The previous example would thus become:

from aind_data_schema_models.modalities import Modality

from pydantic import BaseModel, Field
from enum import Enum
from typing import Dict, Set, Literal

class Modalities(Enum):
    BEHAVIOR = Modality.BEHAVIOR
    OPHYS = Modality.POPHYS
    ICEPHYS = Modality.ICEPHYS

class Foo(BaseModel):
    modality: Dict[Modalities, str] = Field(default={Modalities.BEHAVIOR: "foo"})
    stuff: Set[Modalities] = Field(default={Modalities.BEHAVIOR, Modalities.OPHYS})
    another_subset: Literal[Modalities.BEHAVIOR, Modalities.OPHYS] = Field(..., validate_default=True)

foo = Foo(another_subset=Modalities.BEHAVIOR)  # type hint: "another_subset: Literal[Modalities.BEHAVIOR, Modalities.OPHYS]"
print(foo)
print(foo.model_dump())
bruno-f-cruz commented 3 months ago

Ignore the previous two suggestions. I dont think we want to go down this route as both the json-schema and round-trip (de)serialization breaks.
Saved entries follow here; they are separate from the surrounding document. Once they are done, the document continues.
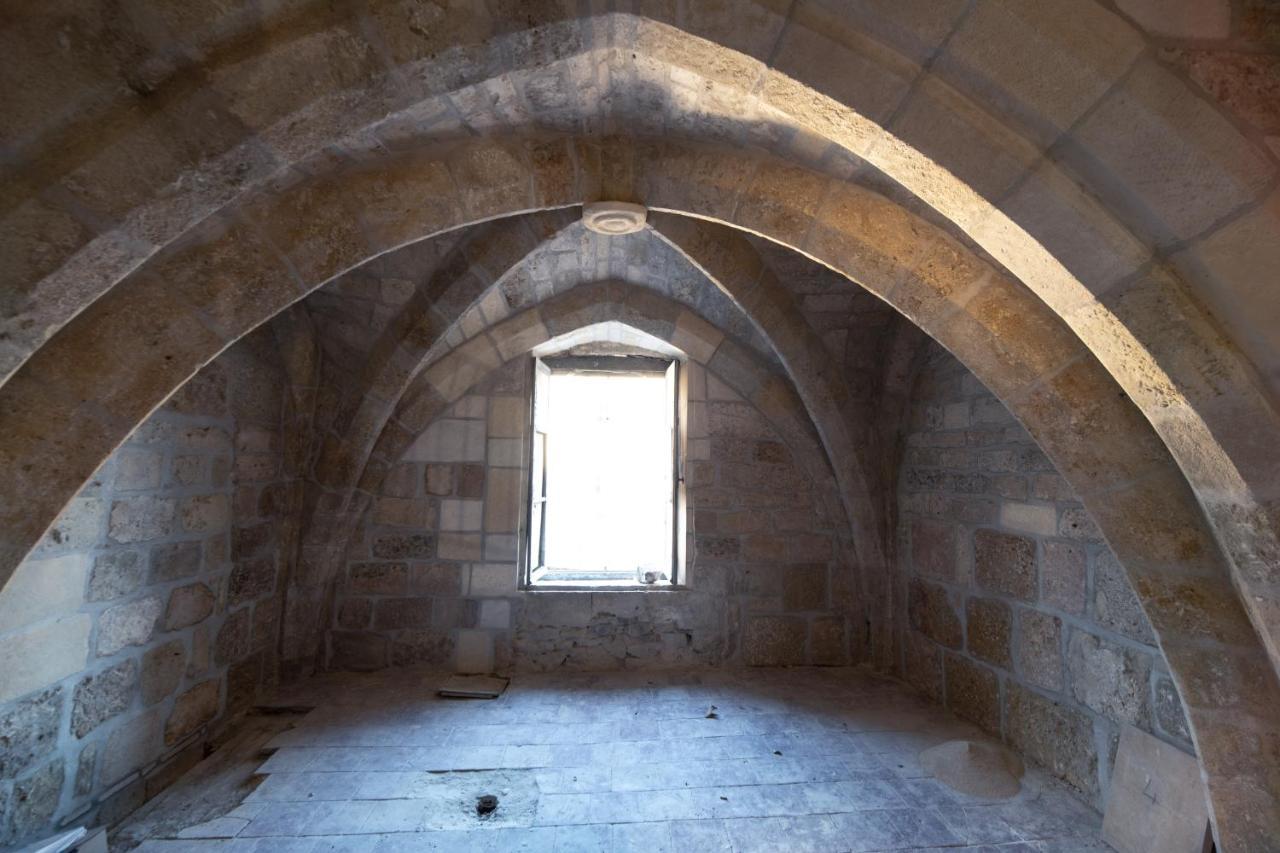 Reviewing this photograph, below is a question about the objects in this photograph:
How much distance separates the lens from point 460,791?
225 centimetres

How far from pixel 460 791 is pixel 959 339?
246cm

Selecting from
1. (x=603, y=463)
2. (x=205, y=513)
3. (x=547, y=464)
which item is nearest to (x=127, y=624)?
(x=205, y=513)

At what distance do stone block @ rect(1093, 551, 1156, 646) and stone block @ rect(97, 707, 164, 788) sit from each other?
3670 millimetres

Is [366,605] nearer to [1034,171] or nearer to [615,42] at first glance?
[615,42]

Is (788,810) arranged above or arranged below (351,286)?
below

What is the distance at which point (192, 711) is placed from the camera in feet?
8.31

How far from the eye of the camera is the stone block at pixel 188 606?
2.41 metres

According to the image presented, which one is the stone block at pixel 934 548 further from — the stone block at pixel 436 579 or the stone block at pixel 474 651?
the stone block at pixel 436 579

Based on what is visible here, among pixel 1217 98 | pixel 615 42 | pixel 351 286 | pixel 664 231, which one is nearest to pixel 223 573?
pixel 351 286

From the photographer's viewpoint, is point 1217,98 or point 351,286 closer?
point 1217,98

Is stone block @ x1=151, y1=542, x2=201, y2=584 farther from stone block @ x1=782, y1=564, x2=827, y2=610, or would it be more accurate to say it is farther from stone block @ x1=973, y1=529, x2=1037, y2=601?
stone block @ x1=973, y1=529, x2=1037, y2=601

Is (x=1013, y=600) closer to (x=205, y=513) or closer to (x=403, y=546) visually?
(x=403, y=546)

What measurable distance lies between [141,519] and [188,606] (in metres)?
0.50

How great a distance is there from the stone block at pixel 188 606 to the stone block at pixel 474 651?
1342 millimetres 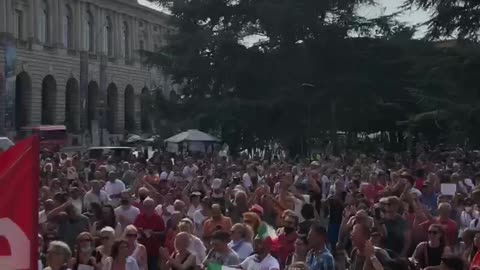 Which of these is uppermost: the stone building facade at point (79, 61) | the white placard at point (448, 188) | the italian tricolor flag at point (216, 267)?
the stone building facade at point (79, 61)

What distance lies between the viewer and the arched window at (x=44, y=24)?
67.8 metres

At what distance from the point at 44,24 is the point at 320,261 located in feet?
207

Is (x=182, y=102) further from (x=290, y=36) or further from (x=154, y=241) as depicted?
(x=154, y=241)

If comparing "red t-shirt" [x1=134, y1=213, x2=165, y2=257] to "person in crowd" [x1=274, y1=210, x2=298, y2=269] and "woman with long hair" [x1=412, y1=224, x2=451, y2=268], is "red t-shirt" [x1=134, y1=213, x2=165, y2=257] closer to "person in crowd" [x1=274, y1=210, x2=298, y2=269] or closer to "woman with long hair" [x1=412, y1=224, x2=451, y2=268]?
"person in crowd" [x1=274, y1=210, x2=298, y2=269]

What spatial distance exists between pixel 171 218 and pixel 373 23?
3170cm

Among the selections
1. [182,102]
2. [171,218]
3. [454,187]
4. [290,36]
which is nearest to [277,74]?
[290,36]

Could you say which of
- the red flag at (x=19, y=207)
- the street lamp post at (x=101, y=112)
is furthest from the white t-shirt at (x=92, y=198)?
the street lamp post at (x=101, y=112)

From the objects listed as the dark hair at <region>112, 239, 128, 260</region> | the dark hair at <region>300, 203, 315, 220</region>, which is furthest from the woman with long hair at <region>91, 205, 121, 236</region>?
the dark hair at <region>112, 239, 128, 260</region>

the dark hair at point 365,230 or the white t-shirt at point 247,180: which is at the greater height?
the dark hair at point 365,230

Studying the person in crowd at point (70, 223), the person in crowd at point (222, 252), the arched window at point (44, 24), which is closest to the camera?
the person in crowd at point (222, 252)

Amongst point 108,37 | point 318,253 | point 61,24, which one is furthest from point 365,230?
point 108,37

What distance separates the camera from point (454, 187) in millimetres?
14492

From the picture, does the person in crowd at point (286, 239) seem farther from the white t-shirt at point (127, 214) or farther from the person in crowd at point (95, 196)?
the person in crowd at point (95, 196)

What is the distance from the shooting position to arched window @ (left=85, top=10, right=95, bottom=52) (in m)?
75.2
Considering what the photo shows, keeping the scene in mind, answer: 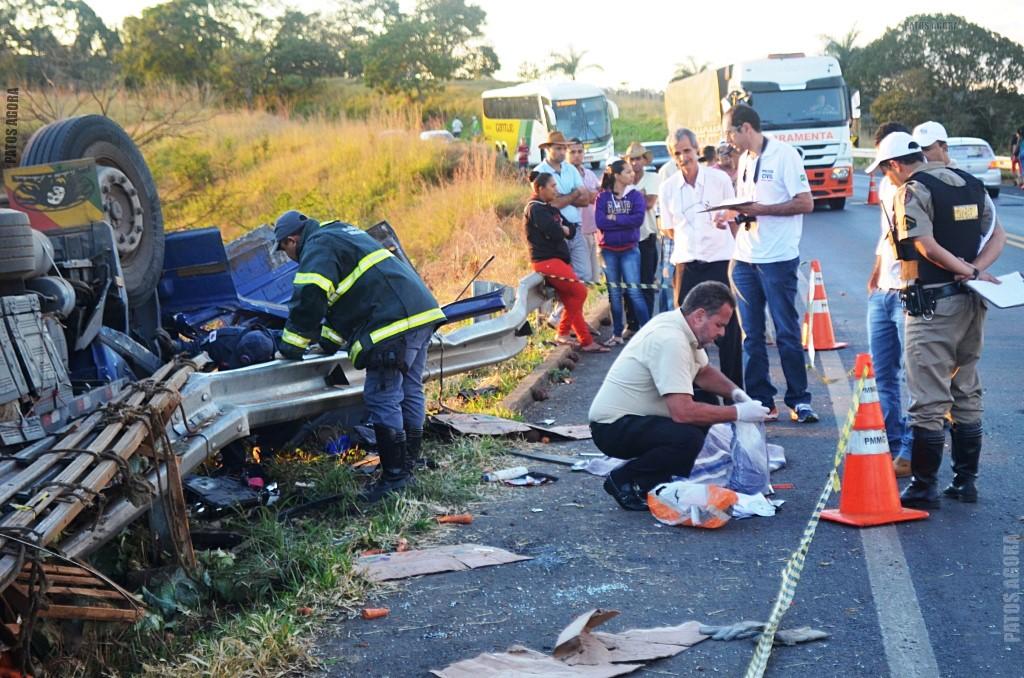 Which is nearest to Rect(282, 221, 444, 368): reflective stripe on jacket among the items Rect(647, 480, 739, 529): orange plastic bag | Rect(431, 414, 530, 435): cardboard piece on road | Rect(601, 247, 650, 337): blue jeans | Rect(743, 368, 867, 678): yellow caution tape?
Rect(431, 414, 530, 435): cardboard piece on road

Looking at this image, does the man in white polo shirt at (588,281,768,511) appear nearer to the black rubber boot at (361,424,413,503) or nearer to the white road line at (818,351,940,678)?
the white road line at (818,351,940,678)

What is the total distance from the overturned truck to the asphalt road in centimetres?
108

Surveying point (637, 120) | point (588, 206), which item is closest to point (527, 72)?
point (637, 120)

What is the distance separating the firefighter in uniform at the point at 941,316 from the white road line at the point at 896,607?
1.80 feet

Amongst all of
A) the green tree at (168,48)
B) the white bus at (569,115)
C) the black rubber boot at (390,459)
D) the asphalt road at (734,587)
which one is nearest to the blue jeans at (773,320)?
the asphalt road at (734,587)

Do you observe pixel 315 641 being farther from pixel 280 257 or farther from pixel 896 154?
pixel 280 257

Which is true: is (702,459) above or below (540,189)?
below

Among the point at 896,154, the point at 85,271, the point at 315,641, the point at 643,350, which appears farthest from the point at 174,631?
the point at 896,154

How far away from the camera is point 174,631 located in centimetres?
435

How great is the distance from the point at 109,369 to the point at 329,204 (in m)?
20.4

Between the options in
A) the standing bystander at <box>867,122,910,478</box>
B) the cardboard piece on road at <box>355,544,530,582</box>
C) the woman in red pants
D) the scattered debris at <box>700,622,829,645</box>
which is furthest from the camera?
the woman in red pants

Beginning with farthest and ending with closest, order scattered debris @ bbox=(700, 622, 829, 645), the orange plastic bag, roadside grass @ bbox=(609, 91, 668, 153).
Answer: roadside grass @ bbox=(609, 91, 668, 153), the orange plastic bag, scattered debris @ bbox=(700, 622, 829, 645)

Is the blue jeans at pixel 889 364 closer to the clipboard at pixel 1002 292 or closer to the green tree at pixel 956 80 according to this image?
the clipboard at pixel 1002 292

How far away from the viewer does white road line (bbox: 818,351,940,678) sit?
12.7 ft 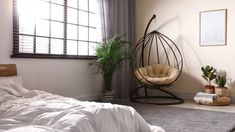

print(foo.model_validate_json(foo.model_dump_json()))

leads to:

pydantic_core._pydantic_core.ValidationError: 4 validation errors for Foo
modality.name='Behavior' abbreviation='behavior'.[key]
  Input should be Behavior(name='Behavior', abbreviation='behavior'), POphys(name='Planar optical physiology', abbreviation='ophys') or Icephys(name='Intracellular electrophysiology', abbreviation='icephys') [type=enum, input_value="name='Behavior' abbreviation='behavior'", input_type=str]
    For further information visit https://errors.pydantic.dev/2.7/v/enum
stuff.0
  Input should be Behavior(name='Behavior', abbreviation='behavior'), POphys(name='Planar optical physiology', abbreviation='ophys') or Icephys(name='Intracellular electrophysiology', abbreviation='icephys') [type=enum, input_value={'name': 'Planar optical ...'abbreviation': 'ophys'}, input_type=dict]
    For further information visit https://errors.pydantic.dev/2.7/v/enum
stuff.1
  Input should be Behavior(name='Behavior', abbreviation='behavior'), POphys(name='Planar optical physiology', abbreviation='ophys') or Icephys(name='Intracellular electrophysiology', abbreviation='icephys') [type=enum, input_value={'name': 'Behavior', 'abbreviation': 'behavior'}, input_type=dict]
    For further information visit https://errors.pydantic.dev/2.7/v/enum
another_subset
  Input should be <Modalities.BEHAVIOR: Behavior(name='Behavior', abbreviation='behavior')> or <Modalities.OPHYS: POphys(name='Planar optical physiology', abbreviation='ophys')> [type=literal_error, input_value={'name': 'Behavior', 'abbreviation': 'behavior'}, input_type=dict]
    For further information visit https://errors.pydantic.dev/2.7/v/literal_error

It seems pydantic cant automatically convert the json object instance to the corresponding python class. This could be done with an extra validator, but I still think we should go with Enum of type string to keep the solution simple.